MissionBio / mosaic

Tertiary analysis package to visualize single-cell data generated by the Tapestri Platform.
17 stars 6 forks source link

Color scale not consistent between plots #19

Open bengouts opened 5 months ago

bengouts commented 5 months ago

Hi all,

I observed a very misleading behaviour with the color scale : the default color scheme is different from one plot to another, which is extremely misleading.

h5path = '/home/user/Download/4-cell-lines-AML-multiomics.dna+protein.h5'
sample = ms.load(
    h5path,
    raw=False,
    filter_variants=True,
    filter_cells=False,
    single=True
)
sample.protein.normalize_reads(method='NSP')
sample.protein.run_umap(attribute='normalized_counts', output_label="UMAP_PROT")
sample.protein.cluster(attribute='normalized_counts', method='graph-community', k=100)

Then I plot the heatmap :

sample.protein.heatmap(attribute='normalized_counts')

image

Then I plot the UMAP :

sample.protein.scatterplot(attribute='UMAP_PROT', colorby=sample.protein.get_labels())

image

For instance, Cluster 1 is blue in the heatmap and red in the UMAP, which is extremely misleading.

Thanks for this very usefull and well documented library. Best regards, Benoit

KKJSP commented 5 months ago

@bengouts To ensure that the same colors are used in the scatterplot you have to pass "label" to colorby instead of the labels.

sample.protein.scatterplot(attribute='UMAP_PROT', colorby="label")

Quoting the documentation:

In case ‘label’ is provided then the stored paltte is used. If the values are strings, then a discrete color map is assumed.
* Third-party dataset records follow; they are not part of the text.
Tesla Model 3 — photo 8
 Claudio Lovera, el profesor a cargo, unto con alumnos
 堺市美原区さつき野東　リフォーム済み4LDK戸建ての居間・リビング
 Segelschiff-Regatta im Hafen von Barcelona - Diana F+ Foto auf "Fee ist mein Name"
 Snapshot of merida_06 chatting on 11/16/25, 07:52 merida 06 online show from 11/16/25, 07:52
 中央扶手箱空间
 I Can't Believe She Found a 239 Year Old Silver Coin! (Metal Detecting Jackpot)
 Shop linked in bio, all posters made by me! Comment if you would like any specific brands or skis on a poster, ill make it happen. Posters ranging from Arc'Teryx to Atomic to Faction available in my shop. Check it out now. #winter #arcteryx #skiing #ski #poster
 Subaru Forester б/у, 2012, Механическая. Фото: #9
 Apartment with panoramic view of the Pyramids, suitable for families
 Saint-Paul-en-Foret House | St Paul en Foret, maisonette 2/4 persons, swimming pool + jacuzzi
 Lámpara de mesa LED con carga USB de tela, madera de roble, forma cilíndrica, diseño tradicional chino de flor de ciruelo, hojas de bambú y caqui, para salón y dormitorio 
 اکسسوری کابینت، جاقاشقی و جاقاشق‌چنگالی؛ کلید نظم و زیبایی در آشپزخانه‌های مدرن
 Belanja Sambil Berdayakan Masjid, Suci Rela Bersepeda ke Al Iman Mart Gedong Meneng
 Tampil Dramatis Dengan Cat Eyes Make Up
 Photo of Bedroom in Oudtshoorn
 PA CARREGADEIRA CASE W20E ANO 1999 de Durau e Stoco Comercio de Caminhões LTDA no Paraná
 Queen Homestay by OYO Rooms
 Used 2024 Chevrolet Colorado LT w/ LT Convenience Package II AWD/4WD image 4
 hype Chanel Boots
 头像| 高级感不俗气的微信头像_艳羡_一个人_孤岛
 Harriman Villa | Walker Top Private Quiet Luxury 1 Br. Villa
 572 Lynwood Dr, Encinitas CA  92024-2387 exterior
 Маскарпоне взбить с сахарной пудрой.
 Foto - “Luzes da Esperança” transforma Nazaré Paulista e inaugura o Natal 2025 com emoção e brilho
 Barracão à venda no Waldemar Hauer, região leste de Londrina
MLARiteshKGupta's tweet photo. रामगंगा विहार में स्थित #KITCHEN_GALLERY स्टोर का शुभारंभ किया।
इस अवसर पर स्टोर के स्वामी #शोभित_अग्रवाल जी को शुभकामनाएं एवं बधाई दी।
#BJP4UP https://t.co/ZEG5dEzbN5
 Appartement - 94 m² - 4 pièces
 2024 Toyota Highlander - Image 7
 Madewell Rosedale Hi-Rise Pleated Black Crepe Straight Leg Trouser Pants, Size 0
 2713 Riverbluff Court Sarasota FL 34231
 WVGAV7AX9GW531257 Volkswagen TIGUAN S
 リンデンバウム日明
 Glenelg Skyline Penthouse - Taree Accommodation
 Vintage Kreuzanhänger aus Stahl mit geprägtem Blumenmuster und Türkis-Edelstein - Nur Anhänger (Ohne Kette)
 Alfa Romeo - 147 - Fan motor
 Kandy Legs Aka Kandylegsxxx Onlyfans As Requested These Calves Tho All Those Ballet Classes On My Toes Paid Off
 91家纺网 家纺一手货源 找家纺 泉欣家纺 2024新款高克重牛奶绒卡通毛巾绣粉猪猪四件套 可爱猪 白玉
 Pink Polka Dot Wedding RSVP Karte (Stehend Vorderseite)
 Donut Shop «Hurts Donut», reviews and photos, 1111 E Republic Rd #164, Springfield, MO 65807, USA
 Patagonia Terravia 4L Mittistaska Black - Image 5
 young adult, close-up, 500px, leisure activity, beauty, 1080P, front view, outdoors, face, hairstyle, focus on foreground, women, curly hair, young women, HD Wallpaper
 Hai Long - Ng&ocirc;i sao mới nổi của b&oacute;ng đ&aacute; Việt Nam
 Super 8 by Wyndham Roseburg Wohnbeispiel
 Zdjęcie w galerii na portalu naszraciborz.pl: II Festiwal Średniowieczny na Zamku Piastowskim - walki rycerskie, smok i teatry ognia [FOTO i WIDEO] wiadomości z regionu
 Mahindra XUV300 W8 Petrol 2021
For numerical values a continuous color scale is used.

bengouts commented 5 months ago

Oups, my mistake. I assumed it used the labels by default. Thanks!

bengouts commented 5 months ago

Just one other example to higlight that default behaviour of color scale is misleading :

sample.protein.cluster(attribute='normalized_counts', method='graph-community', k=100)
sample.protein.add_row_attr("cluster_graph_community", sample.protein.get_labels())
sample.protein.heatmap(attribute='normalized_counts', splitby=sample.protein.row_attrs["cluster_graph_community"])
sample.protein.scatterplot(attribute='UMAP_PROT', colorby=sample.protein.row_attrs["cluster_graph_community"])
KKJSP commented 5 months ago

As of now the only to ensure that all plots have the same color is to store the value in the label row attribute of the assay by using sample.protein.set_labels(sample.protein.row_attrs["cluster_graph_community"]) and then passing "label" to the colorby or splitby parameters. The colors can be modified using sample.protein.set_palette() as well. Whenever an array is passed to these parameters, the function has no way of knowing what that array was supposed to indicate.

However I agree that mosaic should use a consistent palette for any given array across all the plots. We can keep this ticket open.